L’organisation African Parks, acteur majeur de la conservation en Afrique, a reconnu des « violations des droits humains » dans le parc national d’Odzala-Kokoua, au nord-ouest de la République du Congo, après des accusations de viols, de torture et d’homicides ciblant ses éco-gardes.
Les faits ont été révélés début 2024 par une série d’enquêtes journalistiques et de rapports associatifs, notamment ceux de Survival International et du Daily Mail, mettant en lumière des violences systématiques infligées à des membres du peuple autochtone baka. Une enquête parallèle menée autour du village de Badekok par le média allemand Tagesschau a relaté des témoignages accablants : actes de torture, viols et agressions physiques présumées.
Face à la gravité des allégations, African Parks a mandaté le cabinet d’avocats Omnia pour conduire une enquête indépendante. Dans un communiqué publié jeudi soir, l’ONG a reconnu que « dans certains cas, des violations des droits humains ont été commises » et a exprimé « de profonds regrets pour la douleur et la souffrance causées aux victimes ».
L’enquête d’Omnia a recensé 21 incidents, certains impliquant plusieurs victimes présumées. Ces affaires concernent des violences sexuelles graves, des traitements assimilables à de la torture, des arrestations arbitraires et des homicides. Toutefois, en accord avec African Parks, le rapport n’a pas publié le détail des conclusions pour l’instant.

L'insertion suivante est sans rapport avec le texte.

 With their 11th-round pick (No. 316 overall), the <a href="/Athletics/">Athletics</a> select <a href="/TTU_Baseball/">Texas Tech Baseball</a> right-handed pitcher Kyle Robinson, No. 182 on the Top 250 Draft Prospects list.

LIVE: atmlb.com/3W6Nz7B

L’ONG affirme avoir pris des mesures disciplinaires internes à l’encontre de membres du personnel impliqués, et annonce vouloir « remédier aux défaillances » constatées. Elle reconnaît par ailleurs que sa stratégie de protection environnementale a parfois mené à des dérives, qualifiées de « méthodes paramilitaires » par plusieurs observateurs locaux.

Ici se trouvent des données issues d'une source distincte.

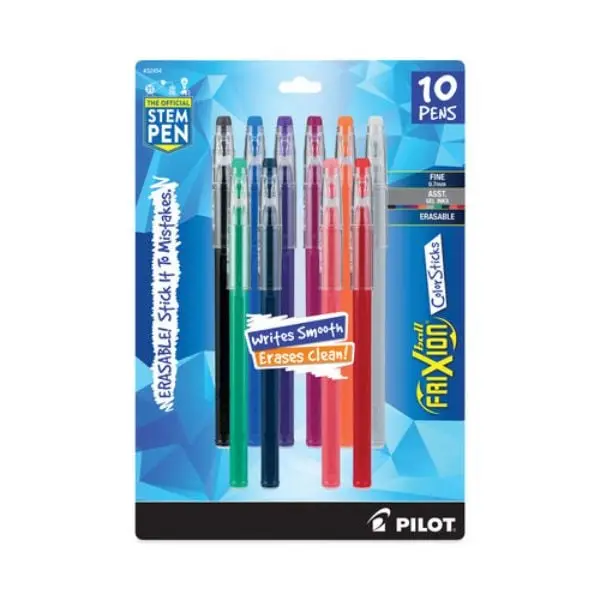 Pilot PIL32454 FriXion ColorSticks Ribbed Grip Erasable Gel Pens - Slim Stick, Fine Point 0.7 mm, Assorted Ink & Barrel Colors, Modern Design, Pocket Clip, Easy Erasing/Editing, 0.75" H x 5.75" W x 8.38" D, Pack of 10, Office Stationery, 0.7Mm Pens, Assor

Présente dans 13 pays africains, African Parks gère 22 parcs nationaux sur le continent avec un budget annuel dépassant les 100 millions d’euros. Son financement provient de bailleurs publics tels que l’Union européenne et le gouvernement américain, mais aussi de mécènes privés, comme la chanteuse américaine Taylor Swift.

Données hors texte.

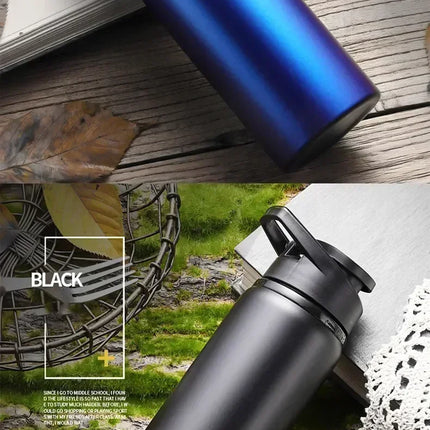 15PCS Portable Stainless Steel Bicycle Water Bottle Straight Drinking Outdoors Sports Travel Kettle Metal Water Bottle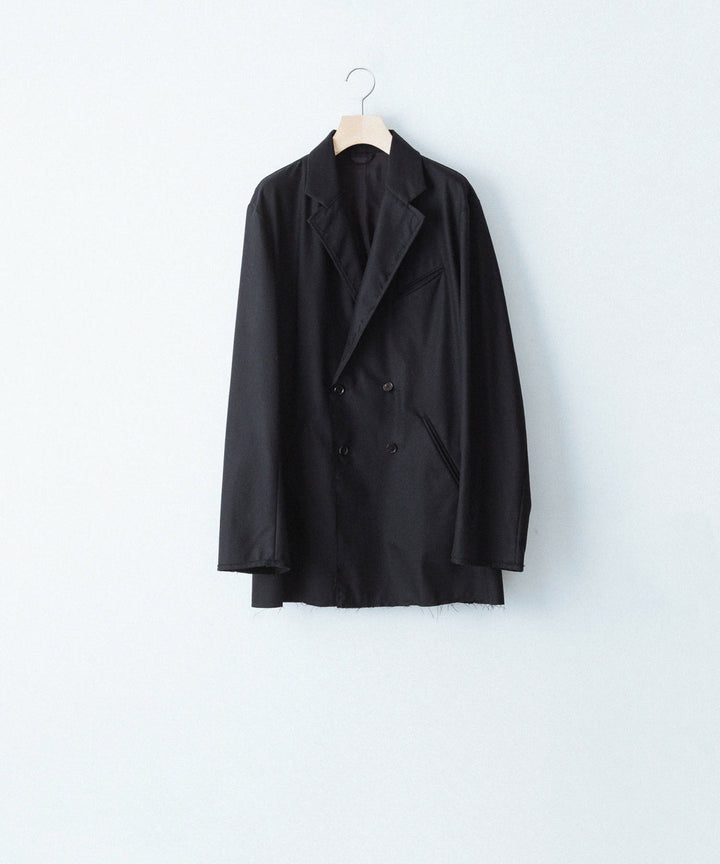 【ANTHEM A】WOOL CASHMERE POPLIN MELTON JACKET - BLACK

En 2024, le journaliste néerlandais Olivier van Beemen a publié Au nom de la nature, une enquête documentée accusant African Parks de reproduire des logiques néocoloniales dans ses pratiques de gestion. L’ouvrage décrit des tensions récurrentes avec les communautés locales, souvent privées d’accès à leurs terres ancestrales et à leurs ressources naturelles. L’auteur dénonce un récit de la nature « vierge et sauvage » maintenu à des fins touristiques, au détriment des droits des populations locales.
Parmi les projets emblématiques d’African Parks figure le parc de Zakouma, au Tchad, où l’organisation a réussi à enrayer la disparition des éléphants en déployant des rangers lourdement armés, après des années de massacres orchestrés par des milices régionales.